Showing posts with label getting very muddy. Show all posts
Showing posts with label getting very muddy. Show all posts

Tuesday, 23 September 2008

Plants by post

A month or so ago, I took a tentative step into the world of ordering plants over the internet. It's a bit nervewracking; what if the plants that arrive aren't in good condition? What if you're out when they arrive, and they wilt while waiting at the depot?

Neither of these things happened. The pansies, patio pinks and clematises turned up a few days ago and have duly been planted. They all arrived in good condition, packed ingeniously in a sort of plastic pot-cum-protective-greenhouse inside a cardboard box. The clematises were a lot tinier than I was expecting, but they're supposed to be hardy for immediate planting outside, so I'm crossing my fingers.

A winter vegetable collection appeared this morning: five plants each of "Offenham Flower of Spring" cabbages, "Sakura" calabrese (chunky broccoli), and "Hungry Gap" kale. The latter is really for our guinea pigs, which consider kale to be a fine delicacy (let's hope the slugs don't). These were rooted in compost, but came loose in plastic bags inside a cardboard box - they arrived in perfect condition as far as I could tell, though. Planting them was a muddy job. It hasn't rained in the last few days, but all the rain over the summer has made our clay soil very heavy and claggy.

I'm amused that the calabrese is called "Sakura", which is Japanese for cherry blossom. I've looked it up on Google Images, and it's definitely not pink. Maybe it refers to the season at which it's ready to eat?

The new sowings of spinach and salad vegetables haven't done anything very impressive. I suspect that it's been too rainy and cool for them to get off to a good start, and the plague of slugs got what did appear. We've also not had any visible flowers on the squash; there are buds - they've been there for a while - but they don't seem to open, which doesn't bode very well.

However, we have had some tomatoes off our plants, and there are a lot more to come - my cousin gave us a glut of hers, though, so we're not yet picking them to ripen indoors. The peas never produced very heavily; I think they don't get enough sunshine where I put them. The few pods we had were delicious. We have beans ready to pick, and a lot of flowers.

Tuesday, 22 May 2007

Bedding

Should, in future, this blog acquire any readers, and should those readers be interested enough to read the archives, the reason for the long silence was that I had an essay to hand in, and then immediately went on holiday. (We went to Bamburgh. It was very pretty; lots of long walks were taken.)

However, I’m back now.

I’ve just come in from the longest gardening session so far this year. I do love the light evenings in the summer; you can get quite a few garden-hours in before night falls. And it’s not late enough in the year for the midgies to be out in force, either.

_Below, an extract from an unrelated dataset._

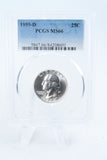 1959-D PCGS MS66 Washington Quarter Business Strike 25C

Last Sunday, my very kind and lovely mother accompanied me to buy bedding plants. I’ve never done this before and had not much idea what I wanted, or how many I needed. Mum always says she buys too few and has to go back to fill in the gaps. However, my garden is about a quarter of the size of hers, and I just managed to fit all mine in.

I got: a tall pink primula, pinks (only one plant, but “a pink” sounds a bit odd), sweet williams, trailing lobelias, and lots and lots of petunias. Mum had a variety called “Million Bells” last year which I particularly liked – the bells are small, and it flowered pretty much right through into winter. So I got some of those (in bright pink and pale pink) and some bigger petunias, mostly purply-blue, though there are some white, red and magenta ones too. Mum also gave me a yellow daisy thing (the name of which I’ve forgotten) and a lupin, also pink.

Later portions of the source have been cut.